Dataset content section start

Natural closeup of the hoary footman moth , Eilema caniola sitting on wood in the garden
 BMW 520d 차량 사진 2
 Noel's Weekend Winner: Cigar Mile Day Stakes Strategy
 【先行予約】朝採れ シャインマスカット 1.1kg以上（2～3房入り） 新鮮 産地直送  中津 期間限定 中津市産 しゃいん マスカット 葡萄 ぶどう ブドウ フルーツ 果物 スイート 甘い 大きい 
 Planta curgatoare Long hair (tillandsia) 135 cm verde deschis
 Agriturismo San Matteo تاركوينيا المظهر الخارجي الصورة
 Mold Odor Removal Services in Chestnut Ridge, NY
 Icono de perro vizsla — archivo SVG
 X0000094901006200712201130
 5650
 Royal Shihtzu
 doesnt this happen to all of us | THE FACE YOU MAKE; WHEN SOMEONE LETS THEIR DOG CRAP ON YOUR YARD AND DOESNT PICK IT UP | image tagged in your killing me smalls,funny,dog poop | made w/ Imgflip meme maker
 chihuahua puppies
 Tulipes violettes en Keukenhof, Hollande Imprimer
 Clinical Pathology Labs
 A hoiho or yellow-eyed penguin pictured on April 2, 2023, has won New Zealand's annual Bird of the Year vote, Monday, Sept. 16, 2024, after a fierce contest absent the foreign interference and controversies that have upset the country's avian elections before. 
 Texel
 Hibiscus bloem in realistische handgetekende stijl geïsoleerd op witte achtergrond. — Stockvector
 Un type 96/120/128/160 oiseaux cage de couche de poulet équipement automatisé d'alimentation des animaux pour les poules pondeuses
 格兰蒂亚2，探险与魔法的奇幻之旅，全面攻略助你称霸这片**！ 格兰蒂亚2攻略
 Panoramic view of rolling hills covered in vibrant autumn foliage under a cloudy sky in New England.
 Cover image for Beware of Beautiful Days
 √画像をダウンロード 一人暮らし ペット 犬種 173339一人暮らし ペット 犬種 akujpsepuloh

Dataset content section end

Task item
In this exercise, reproduce the material word for word, in full.

Solution to this problem
Natural closeup of the hoary footman moth , Eilema caniola sitting on wood in the garden
 BMW 520d 차량 사진 2
 Noel's Weekend Winner: Cigar Mile Day Stakes Strategy
 【先行予約】朝採れ シャインマスカット 1.1kg以上（2～3房入り） 新鮮 産地直送  中津 期間限定 中津市産 しゃいん マスカット 葡萄 ぶどう ブドウ フルーツ 果物 スイート 甘い 大きい 
 Planta curgatoare Long hair (tillandsia) 135 cm verde deschis
 Agriturismo San Matteo تاركوينيا المظهر الخارجي الصورة
 Mold Odor Removal Services in Chestnut Ridge, NY
 Icono de perro vizsla — archivo SVG
 X0000094901006200712201130
 5650
 Royal Shihtzu
 doesnt this happen to all of us | THE FACE YOU MAKE; WHEN SOMEONE LETS THEIR DOG CRAP ON YOUR YARD AND DOESNT PICK IT UP | image tagged in your killing me smalls,funny,dog poop | made w/ Imgflip meme maker
 chihuahua puppies
 Tulipes violettes en Keukenhof, Hollande Imprimer
 Clinical Pathology Labs
 A hoiho or yellow-eyed penguin pictured on April 2, 2023, has won New Zealand's annual Bird of the Year vote, Monday, Sept. 16, 2024, after a fierce contest absent the foreign interference and controversies that have upset the country's avian elections before. 
 Texel
 Hibiscus bloem in realistische handgetekende stijl geïsoleerd op witte achtergrond. — Stockvector
 Un type 96/120/128/160 oiseaux cage de couche de poulet équipement automatisé d'alimentation des animaux pour les poules pondeuses
 格兰蒂亚2，探险与魔法的奇幻之旅，全面攻略助你称霸这片**！ 格兰蒂亚2攻略
 Panoramic view of rolling hills covered in vibrant autumn foliage under a cloudy sky in New England.
 Cover image for Beware of Beautiful Days
 √画像をダウンロード 一人暮らし ペット 犬種 173339一人暮らし ペット 犬種 akujpsepuloh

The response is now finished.